Posted Oct 28, 2019 18:51 UTC (Mon) by raven667 (guest, #5198) [Link] (3 responses)

> Maybe. But it causes phone accounts to be taken over, and unlike the situation online accounts, this cannot be prevented by conscientious users.

Is security something that only conscientious users should enjoy, or something that should be baked into the defaults. I understand that SMS 2FA puts more strain on the phone system's security, but it also puts more strain on attackers and slows them down too.

> SMS based 2FA has been a massive detriment to my security

Compared to passwords alone without any second factor? SMS 2FA is worse than just bare passwords, is that your claim?Needing to do SIM cloning to intercept SMS is a significantly higher bar than just compromising the Cat Fancy blog comment system and trying all the creds on Bank of America website or similar. Its not that its impossible to beat, we both know it isn't, but whether it's better than the status quo. Password managers and random shared secrets are better than using shared common passwords across many sites, SMS 2FA is better, Phone 2FA is better still and an external token is best.

Firefox 70 released

Posted Oct 28, 2019 21:11 UTC (Mon) by mathstuf (subscriber, #69389) [Link] (1 responses)

I think the issue is that companies add SMS 2FA and say they're done. Supporting the more secure variants is still necessary for those who want to be more secure. But too often I've seen response along the lines of "but we have it already" and having to explain why it's not sufficient for me is exhausting. I should probably push hard on my financial institutions (e.g., Fidelity finally has SMS which I did enable, but while other methods are possible across their setup, they're not available for my account type).

Firefox 70 released

Posted Oct 28, 2019 22:31 UTC (Mon) by pizza (subscriber, #46) [Link]

Plus, even putting aside the security flaws inherent to SMS, reliable SMS delivery is not a given -- for example, during international travel. Or should your phone suffer a catastrophic failure. Or both simultaneously.

Firefox 70 released

Posted Oct 29, 2019 20:56 UTC (Tue) by apoelstra (subscriber, #75205) [Link]

> Is security something that only conscientious users should enjoy, or something that should be baked into the defaults.

Of course security should not be limited to conscientious users, but SMS 2FA strictly increases the conscientiousness you need to be secure. With 1FA you need to use strong unique passwords; with SMS 2FA you also need to use non-public throwaway phone numbers. I know several people personally who have had their numbers ported, which led to multiple simultaneous account compromises (even when using unique passwords), not to mention being extremely inconvenient.

> I understand that SMS 2FA puts more strain on the phone system's security, but it also puts more strain on attackers and slows them down too.

It doesn't seem to put any strain on the phone system's security. Phone companies are happy to let attackers port arbitrary numbers with basically no resistance and then absolve themselves of all responsibility. As far as I know no legal system in the world holds them accountable for this.

Firefox 70 released

Posted Oct 26, 2019 12:45 UTC (Sat) by mathstuf (subscriber, #69389) [Link]

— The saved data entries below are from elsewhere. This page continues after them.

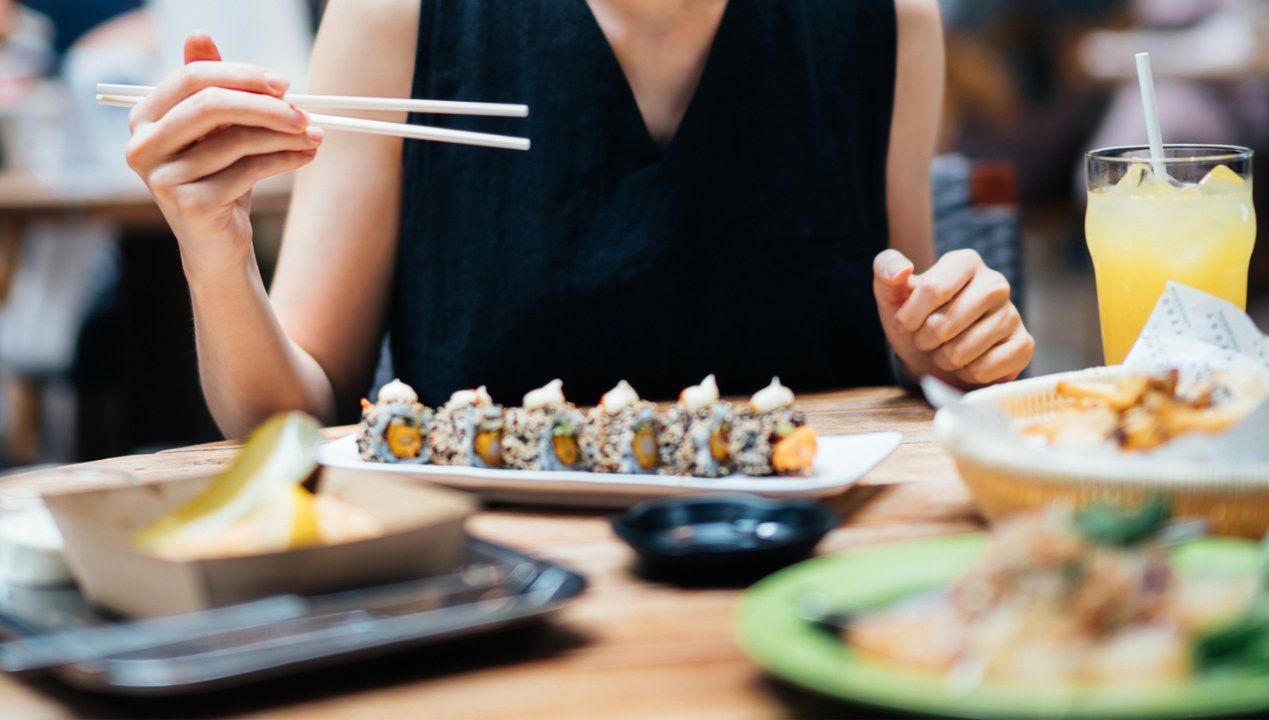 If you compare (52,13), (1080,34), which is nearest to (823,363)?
(52,13)

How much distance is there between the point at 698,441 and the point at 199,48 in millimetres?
629

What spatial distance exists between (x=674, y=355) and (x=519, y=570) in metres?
0.95

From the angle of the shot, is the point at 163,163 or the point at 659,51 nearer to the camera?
the point at 163,163

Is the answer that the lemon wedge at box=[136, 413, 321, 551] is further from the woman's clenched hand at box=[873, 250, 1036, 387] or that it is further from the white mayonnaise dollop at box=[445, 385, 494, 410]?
the woman's clenched hand at box=[873, 250, 1036, 387]

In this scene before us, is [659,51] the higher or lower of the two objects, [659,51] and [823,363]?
the higher

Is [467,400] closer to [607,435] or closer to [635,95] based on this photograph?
[607,435]

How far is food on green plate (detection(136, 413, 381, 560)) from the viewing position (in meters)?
0.74

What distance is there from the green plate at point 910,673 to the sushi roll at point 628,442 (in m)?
0.30

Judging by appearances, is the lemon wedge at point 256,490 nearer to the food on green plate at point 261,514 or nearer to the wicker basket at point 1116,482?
the food on green plate at point 261,514

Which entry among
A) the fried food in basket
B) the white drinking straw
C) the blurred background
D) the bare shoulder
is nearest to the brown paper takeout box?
the fried food in basket

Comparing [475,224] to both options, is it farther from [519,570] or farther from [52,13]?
[52,13]

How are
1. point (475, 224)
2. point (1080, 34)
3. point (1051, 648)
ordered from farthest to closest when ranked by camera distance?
point (1080, 34) < point (475, 224) < point (1051, 648)

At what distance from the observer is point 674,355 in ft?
5.70

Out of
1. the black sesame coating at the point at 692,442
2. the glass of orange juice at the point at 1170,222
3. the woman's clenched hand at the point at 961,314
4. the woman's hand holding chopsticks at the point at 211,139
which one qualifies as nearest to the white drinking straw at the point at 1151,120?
the glass of orange juice at the point at 1170,222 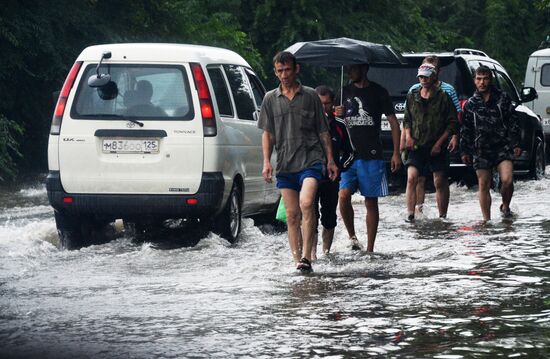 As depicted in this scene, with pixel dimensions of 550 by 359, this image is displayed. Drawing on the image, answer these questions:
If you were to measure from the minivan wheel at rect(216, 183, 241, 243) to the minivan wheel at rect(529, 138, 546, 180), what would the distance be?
9767mm

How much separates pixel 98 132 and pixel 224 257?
5.45 feet

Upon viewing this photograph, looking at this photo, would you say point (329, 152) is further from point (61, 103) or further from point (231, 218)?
point (61, 103)

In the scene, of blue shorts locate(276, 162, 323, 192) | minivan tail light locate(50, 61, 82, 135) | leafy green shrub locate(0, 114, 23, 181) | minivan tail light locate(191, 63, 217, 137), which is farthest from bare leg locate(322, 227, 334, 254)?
leafy green shrub locate(0, 114, 23, 181)

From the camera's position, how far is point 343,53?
13.1m

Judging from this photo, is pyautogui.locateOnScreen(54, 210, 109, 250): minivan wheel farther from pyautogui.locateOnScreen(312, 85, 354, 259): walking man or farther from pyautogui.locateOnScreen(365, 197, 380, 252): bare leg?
pyautogui.locateOnScreen(365, 197, 380, 252): bare leg

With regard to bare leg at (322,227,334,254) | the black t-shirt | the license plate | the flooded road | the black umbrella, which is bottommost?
the flooded road

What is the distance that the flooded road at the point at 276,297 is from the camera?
745 centimetres

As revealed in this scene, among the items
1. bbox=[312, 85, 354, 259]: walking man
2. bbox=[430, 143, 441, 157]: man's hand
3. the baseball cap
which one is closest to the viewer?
bbox=[312, 85, 354, 259]: walking man

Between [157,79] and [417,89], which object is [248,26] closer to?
[417,89]

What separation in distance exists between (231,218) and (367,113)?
159 centimetres

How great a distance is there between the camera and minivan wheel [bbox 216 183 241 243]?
41.9ft

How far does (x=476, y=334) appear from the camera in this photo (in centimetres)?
766

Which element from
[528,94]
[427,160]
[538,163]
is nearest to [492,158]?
[427,160]

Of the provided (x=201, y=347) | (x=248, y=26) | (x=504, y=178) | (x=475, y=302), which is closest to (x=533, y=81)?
(x=248, y=26) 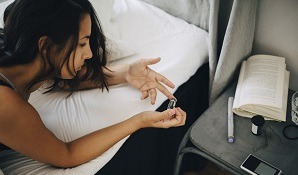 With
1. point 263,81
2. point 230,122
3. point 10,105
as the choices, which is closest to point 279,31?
point 263,81

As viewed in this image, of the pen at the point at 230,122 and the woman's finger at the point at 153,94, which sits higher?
the woman's finger at the point at 153,94

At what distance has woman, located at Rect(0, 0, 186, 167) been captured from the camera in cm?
80

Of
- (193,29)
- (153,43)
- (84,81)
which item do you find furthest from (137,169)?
(193,29)

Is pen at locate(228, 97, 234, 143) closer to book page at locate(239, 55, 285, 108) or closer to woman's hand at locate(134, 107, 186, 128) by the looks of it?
book page at locate(239, 55, 285, 108)

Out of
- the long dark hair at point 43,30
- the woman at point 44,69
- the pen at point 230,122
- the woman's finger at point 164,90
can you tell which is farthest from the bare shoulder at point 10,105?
the pen at point 230,122

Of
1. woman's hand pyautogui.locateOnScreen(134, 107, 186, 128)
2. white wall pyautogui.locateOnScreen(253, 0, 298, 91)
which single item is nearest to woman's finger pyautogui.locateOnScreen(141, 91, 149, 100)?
woman's hand pyautogui.locateOnScreen(134, 107, 186, 128)

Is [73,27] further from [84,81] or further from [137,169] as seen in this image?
[137,169]

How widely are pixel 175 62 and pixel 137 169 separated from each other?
41 centimetres

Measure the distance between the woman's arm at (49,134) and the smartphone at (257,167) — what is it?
0.21 meters

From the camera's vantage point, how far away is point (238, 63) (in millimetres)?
1144

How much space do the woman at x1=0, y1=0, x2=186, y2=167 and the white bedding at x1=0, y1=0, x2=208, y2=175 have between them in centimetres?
6

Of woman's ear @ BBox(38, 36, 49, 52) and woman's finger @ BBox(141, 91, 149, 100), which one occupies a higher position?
woman's ear @ BBox(38, 36, 49, 52)

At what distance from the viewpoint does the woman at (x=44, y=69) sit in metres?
0.80

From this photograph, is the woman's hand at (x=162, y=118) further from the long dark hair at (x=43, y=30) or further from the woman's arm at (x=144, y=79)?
the long dark hair at (x=43, y=30) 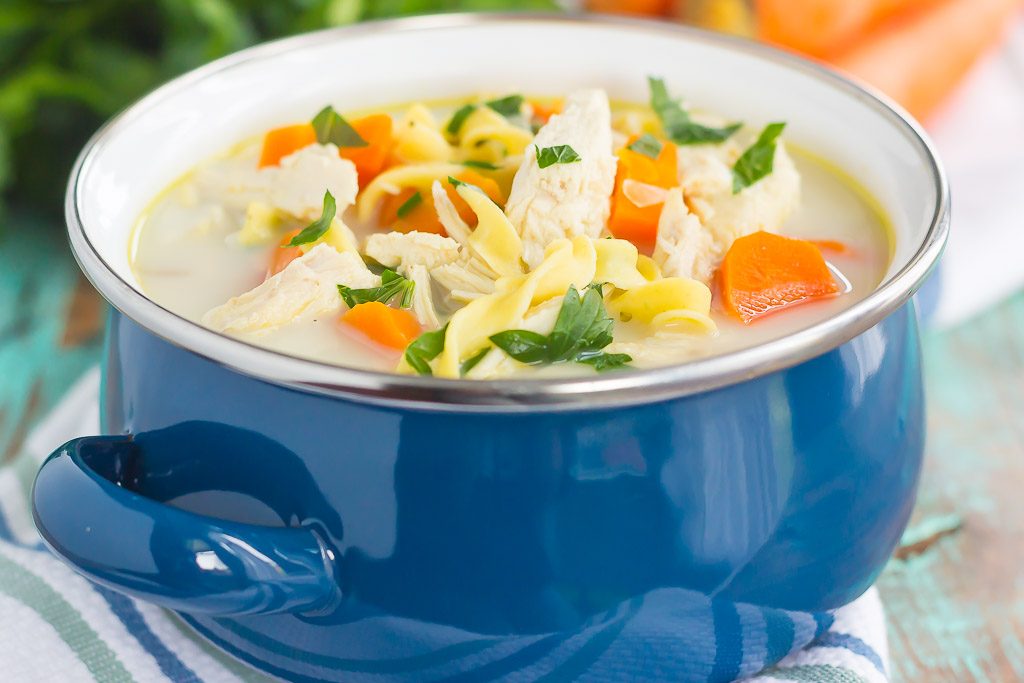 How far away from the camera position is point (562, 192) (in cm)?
192

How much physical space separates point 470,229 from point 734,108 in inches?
31.7

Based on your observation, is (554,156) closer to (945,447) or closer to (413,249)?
(413,249)

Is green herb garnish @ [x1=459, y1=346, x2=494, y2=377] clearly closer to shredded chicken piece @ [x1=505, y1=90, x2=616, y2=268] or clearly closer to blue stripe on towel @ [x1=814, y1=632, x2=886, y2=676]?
shredded chicken piece @ [x1=505, y1=90, x2=616, y2=268]

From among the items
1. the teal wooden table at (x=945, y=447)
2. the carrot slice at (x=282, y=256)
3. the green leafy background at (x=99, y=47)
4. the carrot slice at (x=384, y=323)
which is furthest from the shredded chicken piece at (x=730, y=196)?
the green leafy background at (x=99, y=47)

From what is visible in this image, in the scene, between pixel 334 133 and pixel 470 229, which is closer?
pixel 470 229

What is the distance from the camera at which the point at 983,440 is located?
2832mm

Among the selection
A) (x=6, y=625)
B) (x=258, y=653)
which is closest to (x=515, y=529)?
(x=258, y=653)

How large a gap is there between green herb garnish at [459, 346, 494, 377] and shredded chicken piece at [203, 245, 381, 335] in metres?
0.28

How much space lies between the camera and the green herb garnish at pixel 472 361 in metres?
1.63

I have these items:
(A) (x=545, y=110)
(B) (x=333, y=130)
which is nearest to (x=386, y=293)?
(B) (x=333, y=130)

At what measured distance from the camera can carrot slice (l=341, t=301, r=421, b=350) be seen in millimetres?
1734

The main problem I have with TOTP-over-SMS is that I can't back it up. I have TOTP secrets encrypted and geographically backed up. I can't do that with my SIM card (well, at least not without SIM hijacking or swapping myself). Not to mention the lack of trust I have for telephone companies in the first place.

As for getting people to use password managers, I have gotten my family onto LastPass. They also have Yubikeys now, but that involves some more instruction over time and hasn't been as easy for them to start using. Now that U2F is more widely available, hopefully there will be some time over the holidays to get that working for them.

Firefox 70 released

Posted Oct 25, 2019 8:37 UTC (Fri) by christoph.gysin (guest, #57794) [Link]

> > (and acting as an autofiller there). Is Firefox on Android going to register as an autofiller?

> That would be nice, and I'd love to see that. But in the meantime, I just use an extension that provides a password manager UI for Firefox for Android, and it has a "copy password" option. I can then paste into an app.

It's already there, and it's called Firefox Lockwise. For both iOS and Android.